何彪这才接过乳罩,正要离去,忽听玉兰说:“还有这件呢?”
何彪再看时,只见玉兰翘起身子将三角裤衩往下褪,他一下看到了那片神秘的世界,那两条雪白修长的大腿根部,那柔软而富有弹性的小腹下面……
何彪脸轰轰地发烧,赶快收回目光抓过裤衩逃也似的溜出了门外。他来到火笼旁,将乳罩裤衩搭在竹杆上时,在原地盯着燃烧的火笼久久地发愣,心在狂跳不已,像要跳出喉咙口似的。
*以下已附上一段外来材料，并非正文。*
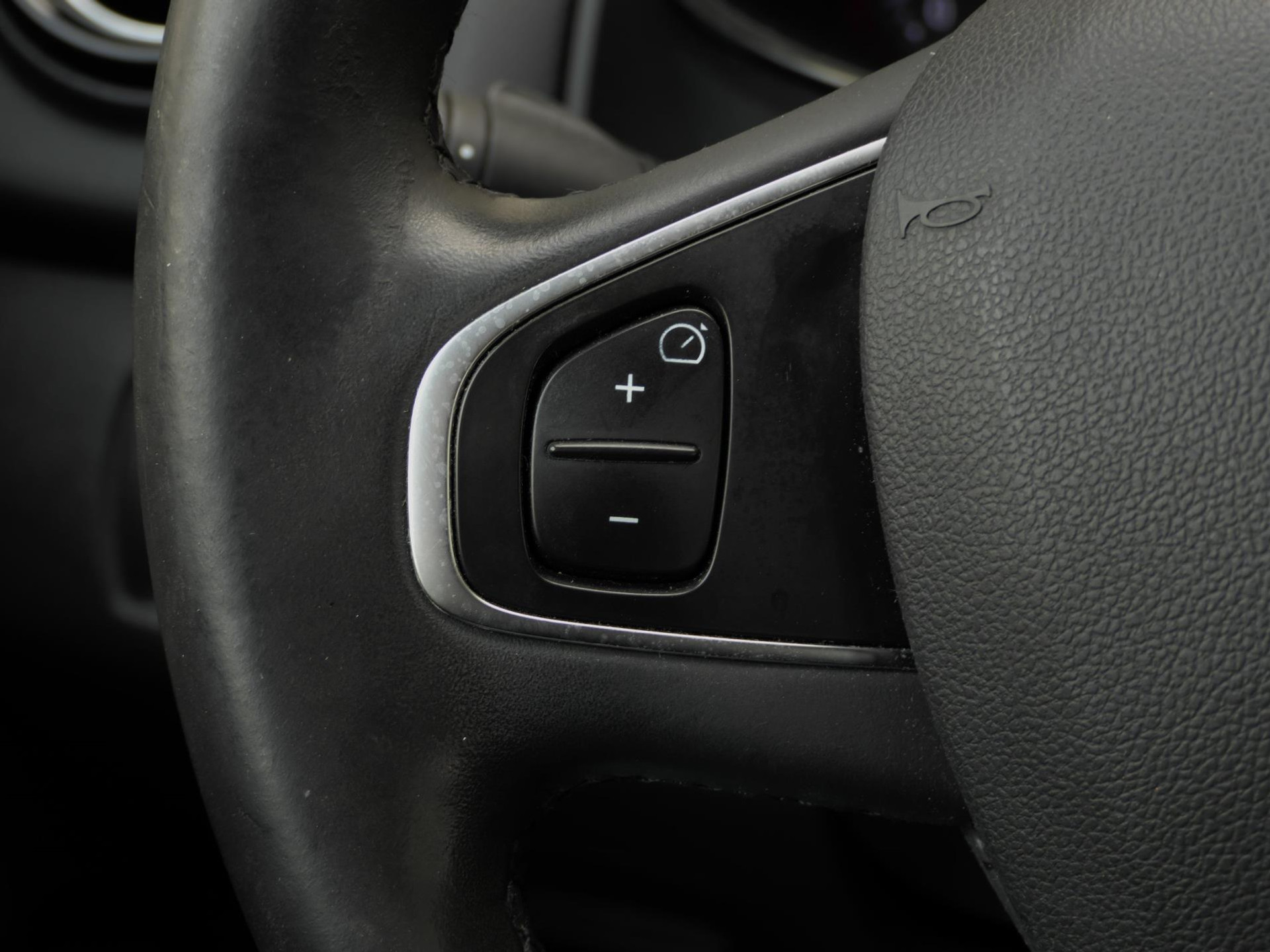 Renault Clio Estate 0.9 TCe Limited | Cruise | PDC | 17 Inch | Nette Staat 48483168-16.jpg | Autobedrijf van Wierick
“你站在外面做甚,还不进来?”玉兰在鱼房里朝何彪吼。
何彪进屋后,看见玉兰那双流溢着情爱的目光,那目光像火一下将他熔化了,他再也克制不住自己,疯一般扑将过去。
玉兰将他搂在怀前喃喃地说;“何彪,你是我的,我不能失去你,我决定了,我们现在就圆夫妻之梦。”
何彪泪水涟涟地从上到下地抚摸着玉兰的身子,他再也无法抑制那雄性的烈火,他剥光了自己,一扑就上……
这一夜,他俩做了夫妻做的一切,提前入了洞房。初试云雨情让他们狂欢不已七上七下,创下了他们夫妻生活中的最高纪录。
天微微放亮时,他俩累垮了,死死搂抱在一起昏昏睡去。
“咣啷”一声门响。
何彪和玉兰被惊醒,一齐坐将起来,一看太阳已经老高。门大敞着,门口站着一位姑娘,脸胀得通红,胸脯气得一鼓一鼓地,半天说不上话来。
“拉弟,你咋啦?”玉兰明知故问。
“你……你不要脸!”拉弟丢下这么句话夺门而去,把门摔得哗啦啦地呻吟,像要碎了似的。拉弟性格虽野,可那时她毕竟还是位大闺女,出格的事她还不敢做,何况何彪和玉兰是一对儿人所共知的恋人,如今人家言归于好,她仿佛无法强行介入。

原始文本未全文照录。